Moteur, action, inclusion – épisode 4

Moteur, action, inclusion est la toute première série vidéo proposée par Futur et Médias, la plateforme éditoriale du Fonds des médias du Canada (FMC). Elle se penche sur les enjeux de représentation et d’inclusion sur les écrans au Québec et surtout, se consacre aux pistes de solution qu’on voit à l’horizon. 

Gaëlle Essoo, rédactrice en chef de Futur et Médias, et Diego Briceño, chef principal contenu et diversité au FMC, ont réuni une vingtaine de personnes clés de l’industrie des écrans au Québec, autour de cinq tables rondes, dans le but d’avoir de longues et fructueuses conversations. 

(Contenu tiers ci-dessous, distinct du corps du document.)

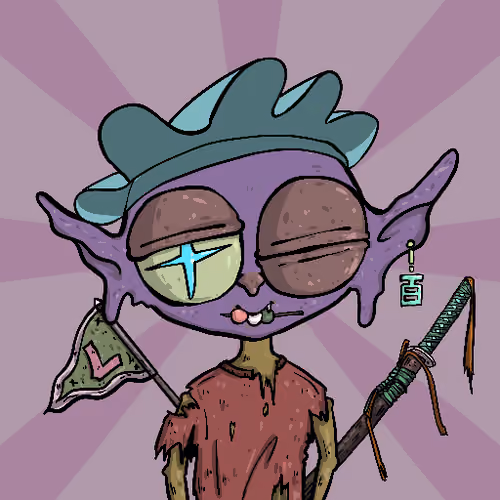 Lottery Goblin #9871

Au fil des épisodes, nous aborderons divers enjeux et points de vue afin de décrypter les particularités de la situation au Québec et réfléchir ensemble à l’avenir d’une industrie plus inclusive et équitable, en ayant en tête les prochaines générations. 

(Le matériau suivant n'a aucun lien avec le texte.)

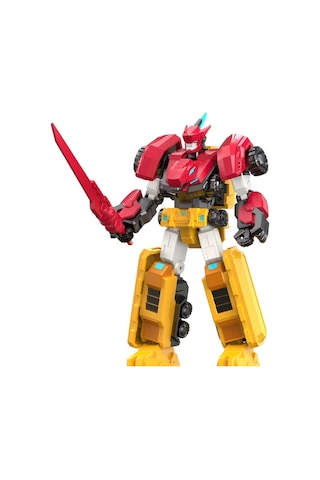 Quantum Heroes Dinoster Aksiyon Robot Raptor Tron Cicciobello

Épisode 4: Comment favoriser un accès et un partage plus équitables dans le domaine de la diffusion?

Dans ce quatrième épisode, nous parlons du rôle central des diffuseurs quant à la diversification des contenus proposés sur les écrans au Québec et du besoin urgent pour ces derniers de faire de la place à de nouveaux·elles joueur·euses et dirigeant·es issu·es des diversités.

Intervenant·es: 

·        Chan Tep, conseillère à la planification opérationnelle et stratégique, Diversité et inclusion chez Radio- Canada

·         Nadège Pouyez, directrice générale Stratégie, contenus originaux et convergence chez Québecor Contenu

·        Jean-Yves Roux, président et fondateur de Natyf TV

La section “À retenir” vous est proposée par Édith Vallières

À retenir

Offrir des contenus plus inclusifs pour coller aux réalités d’aujourd’hui

Selon les intervenant·es de cette table ronde, le besoin de diversité dans les contenus est plus que jamais d’actualité, notamment en raison de la montée des mouvements sociaux (comme Black Lives Matter), le visage changeant de la démographie au Québec et l’arrivée de gros joueurs américains sur le marché (Netflix, Disney+, Prime Video, etc.) qui attirent les jeunes de tous azimuts en présentant des contenus inclusifs et variés. «Les jeunes sont déjà dans cette diversité-là. Que ce soit sexuelle, culturelle, de langage ou de corps, ils acceptent et embrassent ça», avance Nadège Pouyez.

Par contre, selon Jean-Yves Roux, la télévision québécoise peine à suivre ces avancées technologiques et idéologiques: «Le vrai challenge, c’est de rattraper presque vingt ans de retard», affirme-t-il.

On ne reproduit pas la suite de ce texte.